# The Best Deal I’ve seen in Months: $2500 for a Custom Shop Thinline Nocaster



## Ronan Crozier (Aug 20, 2019)

Kijiji - Buy, Sell & Save with Canada's #1 Local Classifieds


Visit Kijiji Classifieds to buy, sell, or trade almost anything! New and used items, cars, real estate, jobs, services, vacation rentals and more virtually anywhere.




www.kijiji.ca


----------



## fogdart (Mar 22, 2017)

He’s about five minutes from me. Unfortunately already has a deal lined up, but I’m second in line.


----------



## Okay Player (May 24, 2020)

Bubble's starting to burst...


----------



## fogdart (Mar 22, 2017)

Thanks for the tip @Ronan Crozier !


----------



## Verne (Dec 29, 2018)

@fogdart That mean it's yours?!?


----------



## Ronan Crozier (Aug 20, 2019)

fogdart said:


> Thanks for the tip @Ronan Crozier !


I demand a NGD post for my services lol! I’m
glad you snagged it, I almost couldn’t believe how good of a deal that was. Those Thinline Nocasters are awesome.


----------



## RYAN1987M (Feb 19, 2019)

I hope/assume it's not a Britt Daniel being staged as a CS Nocaster. They both simply read 'Fender' on the headstock and otherwise look very similar. 

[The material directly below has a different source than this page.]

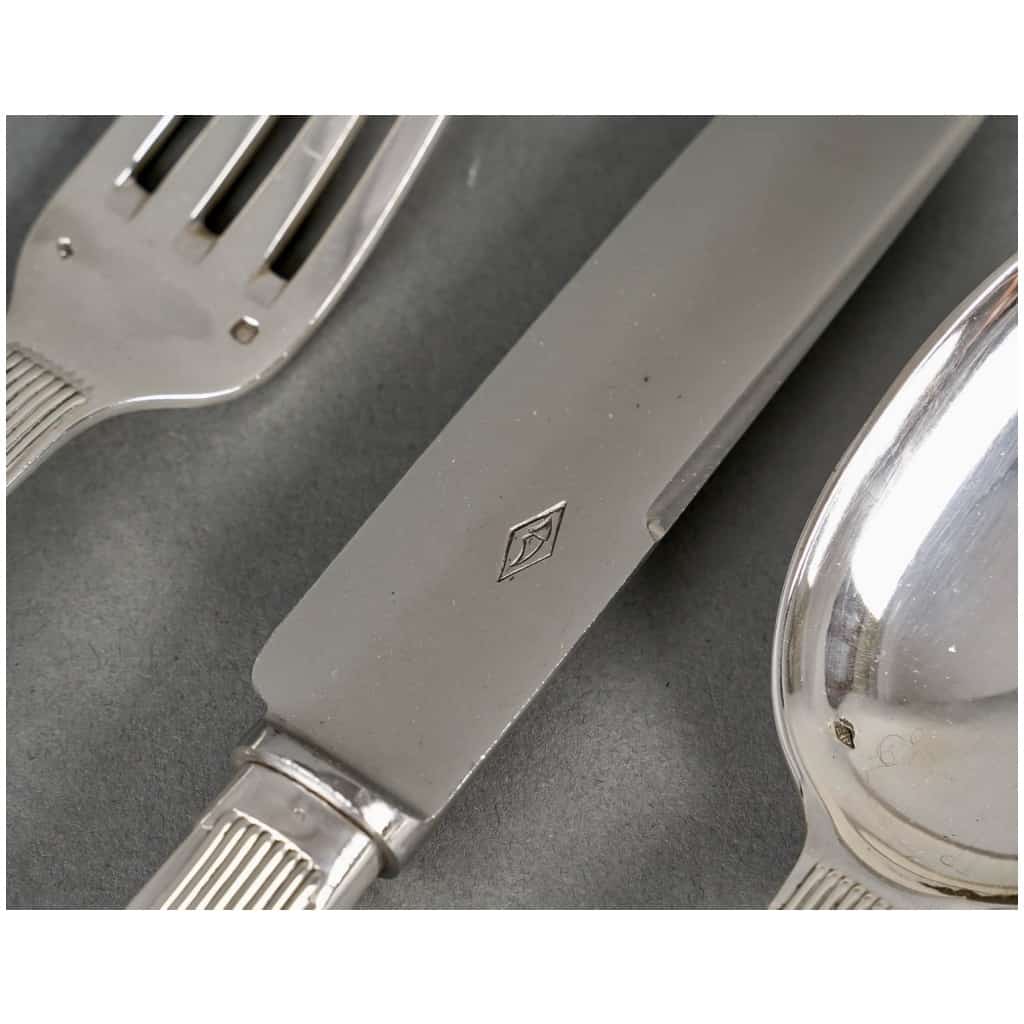 Puiforcat – Art Deco Nice Sterling Silver Cutlery Set – 192 Pieces 5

I hate to sound suspicious and I didn't get to see that ad itself (it looks like it's down/sold now)...but, having once owned a BD Tele, they certainly share a number of similarities that someone with an undiscerning eye may miss.


----------



## fogdart (Mar 22, 2017)

yeah it’s mine. And this is as close as we’re gonna get to a NGD post lol.


----------



## crann (May 10, 2014)

RYAN1987M said:


> BD Tele, they certainly share a number of similarities that someone with an undiscerning eye may miss.


No binding, 3 ply guard vs 1 ply, 6 saddle stainless vs 3 barrel, S1 switching vs standard, Amarillo gold vs butterscotch etc. I don't know why I know so much about the BD tele.


----------



## RYAN1987M (Feb 19, 2019)

crann said:


> No binding, 3 ply guard vs 1 ply, 6 saddle stainless vs 3 barrel, S1 switching vs standard, Amarillo gold vs butterscotch etc. I don't know why I know so much about the BD tele.


How could you forget neck pickup adjustment screws?!?!?!

Anyways, clearly the guitar pictured earlier in the thread is a beautiful CS Nocaster - it looks stunning, so Happy NGD fogdart!


----------